This translation of Gerald Feldman's posthumously-published contribution to the jointly authored Österreichische Banken und Sparkassen im Nationalsozialismus und in der Nachkriegszeit (2006, with Oliver Rathkolb, Theodor Venus, and Ulrike Zimmerl) investigates Austrian bankers' Nazi-era persecution and dispossession of Jews; facilitation of the Anschluss in 1938; and contribution to Nazi empire-building in Southeast Europe (p. 1). The Creditanstalt-Wiener Bankverein (CA) and the Länderbank Wien (itself the product of the merger of Mercurbank and the French-owned Banque des Pays de l'Europe Centrale, BPEC) figure in the present volume.

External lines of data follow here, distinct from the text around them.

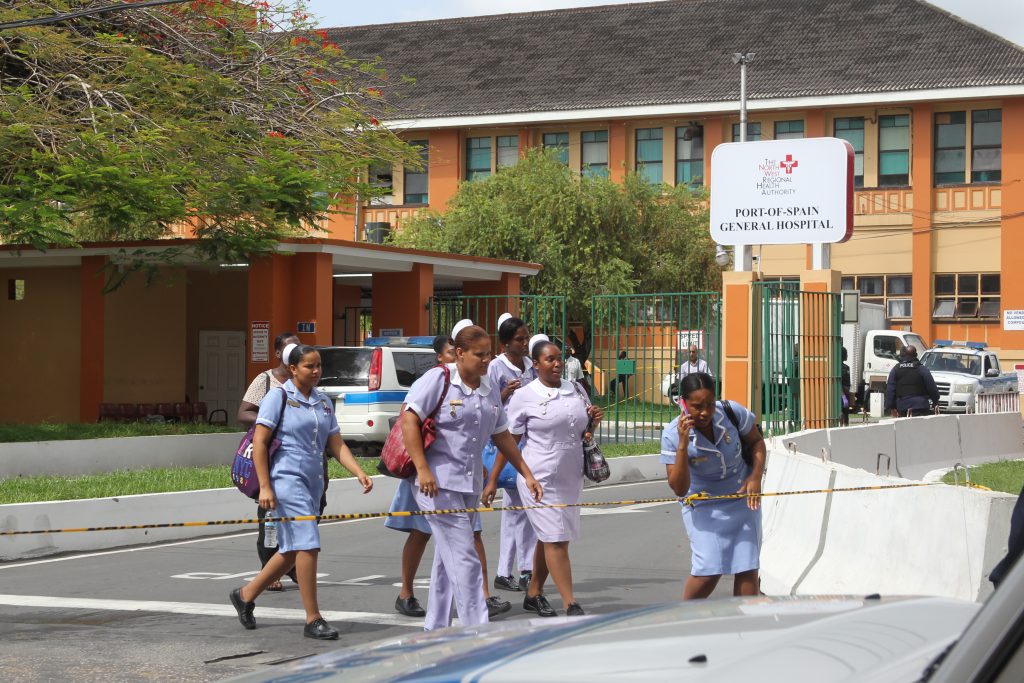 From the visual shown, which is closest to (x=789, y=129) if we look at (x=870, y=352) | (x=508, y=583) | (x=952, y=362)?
(x=870, y=352)

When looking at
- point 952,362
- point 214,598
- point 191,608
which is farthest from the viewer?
point 952,362

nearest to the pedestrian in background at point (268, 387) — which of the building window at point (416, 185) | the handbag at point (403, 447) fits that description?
the handbag at point (403, 447)

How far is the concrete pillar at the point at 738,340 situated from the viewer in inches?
786

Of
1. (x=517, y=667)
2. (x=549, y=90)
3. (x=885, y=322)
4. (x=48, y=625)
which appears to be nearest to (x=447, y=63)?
(x=549, y=90)

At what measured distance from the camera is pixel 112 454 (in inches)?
709

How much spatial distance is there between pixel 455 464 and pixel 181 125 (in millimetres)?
14914

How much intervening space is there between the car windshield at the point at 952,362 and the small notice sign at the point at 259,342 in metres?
18.8

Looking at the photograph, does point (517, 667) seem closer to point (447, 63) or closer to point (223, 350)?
point (223, 350)

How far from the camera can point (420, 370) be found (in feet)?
72.3

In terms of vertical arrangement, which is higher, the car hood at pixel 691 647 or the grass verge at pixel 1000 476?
the car hood at pixel 691 647

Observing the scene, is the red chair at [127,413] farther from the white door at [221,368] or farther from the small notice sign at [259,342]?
the small notice sign at [259,342]

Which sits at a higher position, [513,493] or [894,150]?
[894,150]

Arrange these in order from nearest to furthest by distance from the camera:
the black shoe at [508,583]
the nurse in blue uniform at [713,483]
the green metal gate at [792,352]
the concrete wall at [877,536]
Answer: the nurse in blue uniform at [713,483] → the concrete wall at [877,536] → the black shoe at [508,583] → the green metal gate at [792,352]

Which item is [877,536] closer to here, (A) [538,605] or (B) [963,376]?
(A) [538,605] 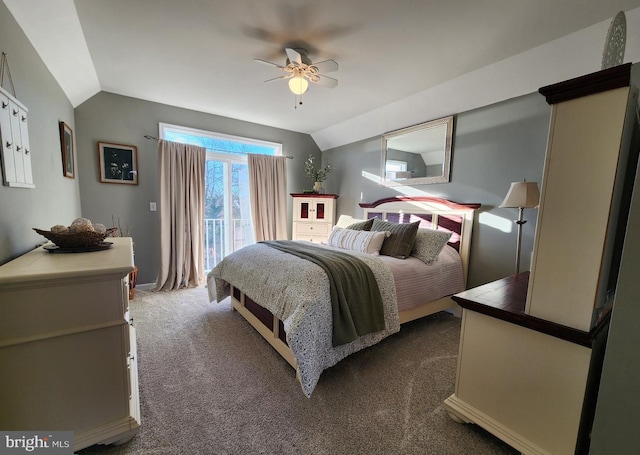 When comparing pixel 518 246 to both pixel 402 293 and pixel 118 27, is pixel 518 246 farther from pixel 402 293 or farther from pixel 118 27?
pixel 118 27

Feldman's work challenges the myth that Creditanstalt-Wiener and Länderbank Wien were the victims of Nazi imperial ambitions in Austria or Southeast Europe. Readers will get the sense that Deutsche Bank and Dresdner Bank divided Austria into spheres of influence, with Deutsche entering a marriage to CA and Dresdner to Länderbank. Feldman does not deny that Austrian bankers justifiably felt themselves colonized; indeed, Feldman chronicles how CA lost holdings as a result of integration into the Reich (pp. 61−85). Yet CA held "on to its branch network and its very important provincial banking holdings and even [expanded] them" (p. 85). The war offered opportunities that Feldman characterized as making the Austrian banks "partners in crime" (p. 156). In chronicling the creation of Länderbank Wien, Feldman [End Page 126] rejected later claims by BPEC that the takeover had been unfair (p. 433). His analysis of Länderbank not only proves that it benefitted from wartime expansion, but convincingly documents the fact that its executives were already Germanizing (dismissing non-German employees) and "Aryanizing" Jewish-owned property before the Anschluss (p. 395).

War opened Eastern Europe to German colonization, and banks saw in this numerous prospects: Aryanization, taking over Polish banks, opening branches in allied countries, financing war industries. Some bankers perceived a path to restoring historical ties with a region the Hapsburg Empire once reached. In the euphoria of victory the CA undertook its most risky venture, in Poland; but indeed expansion everywhere in Eastern Europe would prove temporary, though until the end of 1942 the CA and Länderbank believed German gains would be permanent. Feldman demonstrates that, even early on, wartime contexts created unpredictable, fluid situations, and that political ideology influenced personnel and policy decisions. Yet the author also provides sufficient evidence to show that Austrian bankers took advantage of the situations, dispelling the myth promoted after the war that they had been victims.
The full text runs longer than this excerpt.